I am attempting to read in many files. Each file is a daily data file with data every 10 minutes. the data in each file is kind of "chunked up" like this:
2015-11-08 00:10:00 00:10:00
# z speed dir W sigW bck error
30 3.32 111.9 0.15 0.12 1.50E+05 0
40 3.85 108.2 0.07 0.14 7.75E+04 0
50 4.20 107.9 0.06 0.15 4.73E+04 0
60 4.16 108.5 0.03 0.19 2.73E+04 0
70 4.06 93.6 0.03 0.23 9.07E+04 0
80 4.06 93.8 0.07 0.28 1.36E+05 0
2015-11-08 00:20:00 00:10:00
# z speed dir W sigW bck error
30 3.79 120.9 0.15 0.11 7.79E+05 0
40 4.36 115.6 0.04 0.13 2.42E+05 0
50 4.71 113.6 0.07 0.14 6.84E+04 0
60 5.00 113.3 0.13 0.17 1.16E+04 0
70 4.29 94.2 0.22 0.20 1.38E+05 0
80 4.54 94.1 0.11 0.25 1.76E+05 0
2015-11-08 00:30:00 00:10:00
# z speed dir W sigW bck error
30 3.86 113.6 0.13 0.10 2.68E+05 0
40 4.34 116.1 0.09 0.11 1.41E+05 0
50 5.02 112.8 0.04 0.12 7.28E+04 0
60 5.36 110.5 0.01 0.14 5.81E+04 0
70 4.67 95.4 0.14 0.16 7.69E+04 0
80 4.56 95.0 0.15 0.21 9.84E+04 0
...
The file continues on like this every 10 minutes for the whole day. The file name for this file is 151108.mnd. I want my code to read in all files that are for november so 1511??.mnd and I want my code to read in each day file for a whole month grab all of the datetime lines so for the partial data file example I just showed I would want my code to grab 2015-11-08 00:10:00, 2015-11-08 00:20:00, 2015-11-08 00:30:00, etc. store as variables and then go to the next day file (151109.mnd) and grab all the datetime lines and store as date variable and append on to the previously stored dates. And so on and so forth for the whole month. Here is the code I have so far:
import pandas as pd
import glob
import datetime
filename = glob.glob('1511??.mnd')
data_nov15_hereford = pd.DataFrame()
frames = []
dates = []
counter = 1
for i in filename:
f_nov15_hereford = pd.read_csv(i, skiprows = 32)

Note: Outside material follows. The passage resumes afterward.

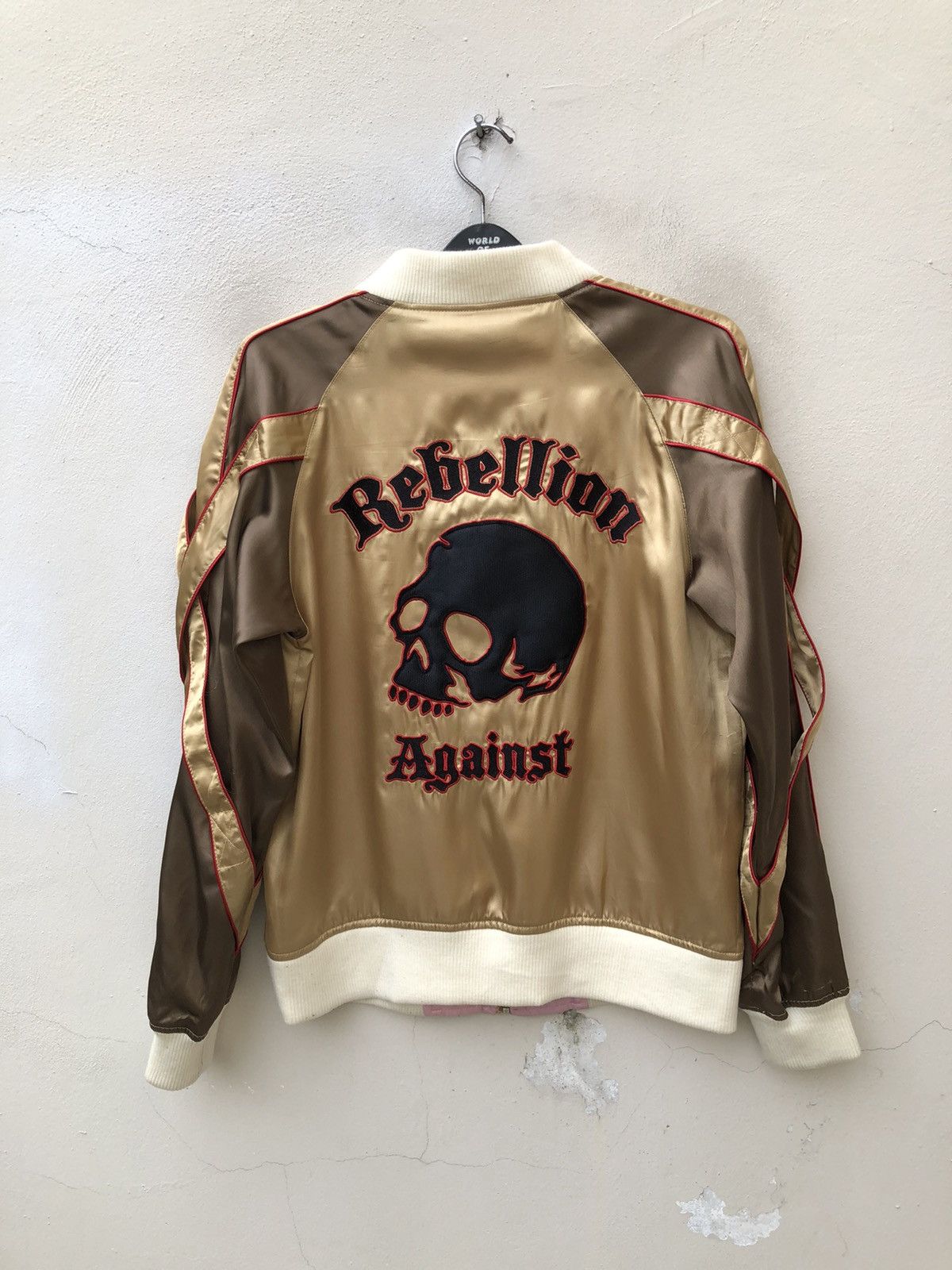 Japanese Brand Milk Boy Japan Bondage Souvenir Zipper Jacket Size US M / EU 48-50 / 2 - 14 Thumbnail
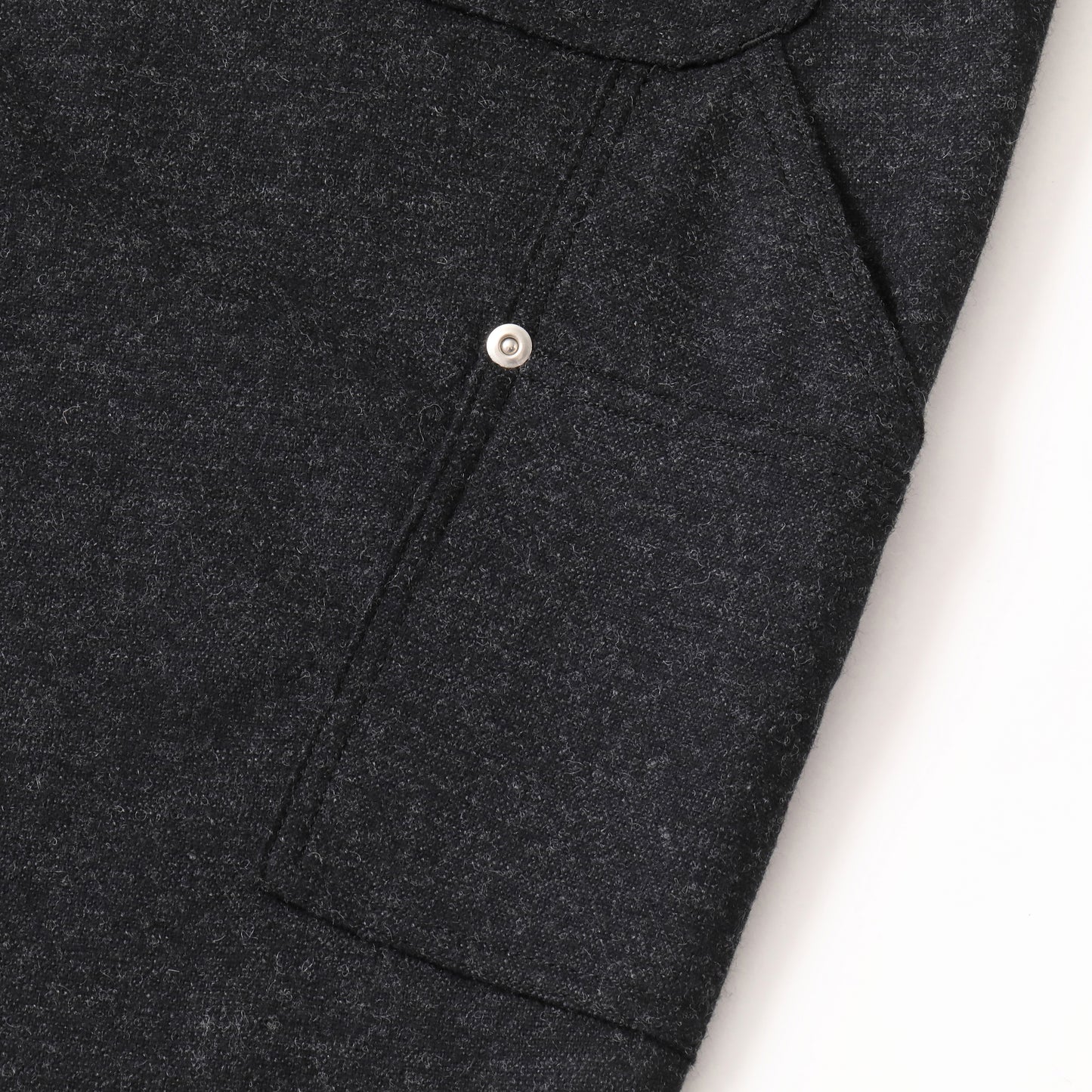 S.F.C  CASHMERE WOOL DOUBLE KNEE PANTS BLACK M【SFCFW25P08】(N)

for line in f_nov15_hereford:
if line.startswith("20"):
print line
date_object = datetime.datetime.strptime(line[:-6], '%Y-%m-%d %H:%M:%S %f')
dates.append(date_object)
counter = 0
else:
counter += 1
frames.append(f_nov15_hereford)
data_nov15_hereford = pd.concat(frames,ignore_index=True)
data_nov15_hereford = data_nov15_hereford.convert_objects(convert_numeric=True)
print dates
This code has some problems because when I print dates it prints out two copies of every date and it also only prints out the first date of every file so 2015-11-08 00:10:00, 2015-11-09 00:10:00, etc. It isn't going line-by-line in every file then once all dates in that file are stored moving on to the next file like I want. Instead it is just grabbing the first date in each file. Any help on this code? Is there an easier way to do what I want? Thanks!